The Northern Alps provide some of the best hiking opportunities and mountain scenery on the planet. At an altitude of 4,810 meters, Mont Blanc is Europe’s highest peak. Unless you are an experienced climber, reaching the summit isn’t exactly a realistic or even sensible goal. However, that isn’t to say it can’t be enjoyed. The Tour du Mont Blanc (TMB) is a network of hiking trails that extends to some 170 kilometers around the mountain. The full circuit takes two weeks to complete and there are multiple starting points and huts along the way where you can stop for rest and refreshments.
Many of Mont Blanc’s neighbors are also on the hit lists of enthusiastic climbers and the town of Chamonix is a popular base camp. Though its hotels can be busy and pricey during the ski season, it has loads of restaurants, bars, and cafés to enjoy at quieter times of the year. The Aiguille Verte stands at 4,122 meters and, again, makes for a notoriously difficult climb. Nevertheless, its foothills can be easily hiked between June and September before the heavy snows arrive.
Unlike the Alps, the Luberon Natural Regional Park is never swarming with tourists. This UNESCO-listed nature reserve is located in the Haut-Vaucluse region of Provence and replete with footpaths that link historic villages and towns. The Mourre Nègre is the highest peak in the Luberon massif but the 1,125-meter summit makes for a relatively easy ascent. Its unusual name, which translates from Provençal as ‘black muzzle’, refers to both its rounded shape and the pine trees which grow on its slopes.
Montagne Sainte Victoire
Further south towards Aix-en-Provence and Marseille is the Montagne Sainte-Victoire. Fans of Paul Cézanne will no doubt be familiar with this mountain which offers excellent climbing opportunities. The artist could see the mountain from his house and painted it numerous times between 1877 and his death in 1906. The region is famed for its good weather. The temperature rarely dips below freezing even in the depths of winter and summer temperatures can reach as high as 35°C. However, it is subject to the strong blowing Mistral wind.
Cirque de Gavarnie
The Pyrenees form a stunning barrier between France and Spain, running 430 kilometers between the Mediterranean and the Atlantic Ocean. The Cirque de Gavarnie is situated within the lush landscapes of the Pyrenees National Park and is another of France’s UNESCO World Heritage Sites. The ascent is also surprisingly easy for a mountain of its size, more of a stroll than a hike. The trail from the village of Gavarnie takes you up through the valley past clear streams, waterfalls, and a 3,000-meter-high glacier.
Pic du Midi
The Pic du Midi de Bigorre in the high Pyrenees is a mountain famous, first and foremost, for the renowned astronomical observatory at its summit. It was from here that NASA scientists mapped the surface of the moon for the Apollo missions. Looking like the secret fortress of a Bond villain, the complex of domes and towers also functions as a hotel, capable of accommodating 19 guests per night, and a museum. This isn’t to be confused with the Pic du Midi d’Ossau, another beautiful, distinctively shaped mountain further west.

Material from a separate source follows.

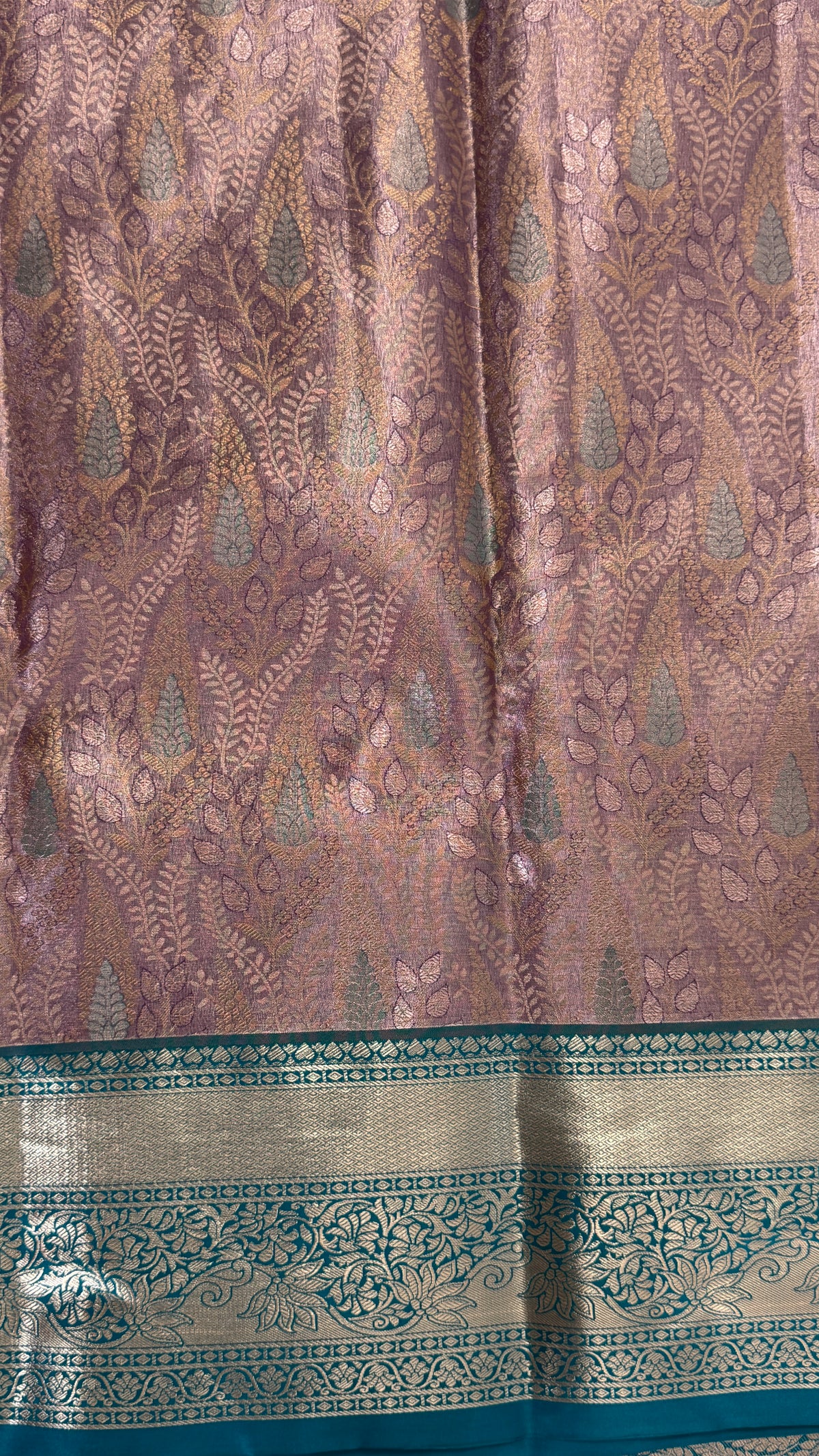 Semi Silk Mini Kanchivaram Tissue Saree – Dusty Mauve & Teal Green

Straddling the French-Swiss border, the Jura mountain range offers gentle climbs away from the crowds of France’s other more popular ranges. The highest peak, Grand Colombier, rises to 1,534 meters and the view from the top are spectacular, taking in the Lac du Bourget just below and the shimmering Alps in the distance. Another popular climb in the region is the Mont d’Or, a mountain which suddenly disappears into a 200-meter rock wall. The mountain also gives its name to the popular local cheese variety.
The Vosges mountains are spread across seven départements in the northeast of France within the historical region of Alsace. The area is dotted with quaint villages and hamlets and parts of it have been designated a UNESCO World Biosphere Reserve. The third highest peak of this largely forested range is the Hohneck, which has an elevation of 1,364 meters. A mountain hut at its summit can be seen for miles around and a webcam situated there constantly beams out the view from the top.
Puy de Sancy
The most spectacular mountain to climb in the Massif Central, an elevated region in central-southern France, is the Puy de Sancy. The mountain is part of a stratovolcano that has been inactive for 220,000 years. The slopes to the north and south are popular with skiers, many of whom stay in the chalet town of Super-Besse, and the summit can be reached by cable cars and ski lifts. The mountain is also the source of the Dordogne River, which is formed by the confluence of two streams called, unsurprisingly, the Dore and the Dogne.
Corsica isn’t famous for one mountain in particular but for the grueling 200-kilometer GR20 trail that traverses the island from north to south. This legendary hiking route passes through wild, remote landscapes and offers stunning panoramas over rugged mountainsides and the Mediterranean Sea. The trail certainly isn’t for beginners but for those who are sufficiently seasoned walkers it provides perhaps a once in a lifetime opportunity. It takes roughly two weeks to complete in full. The highest peak along the route is Monte Cinto at an elevation of 2,706 meters.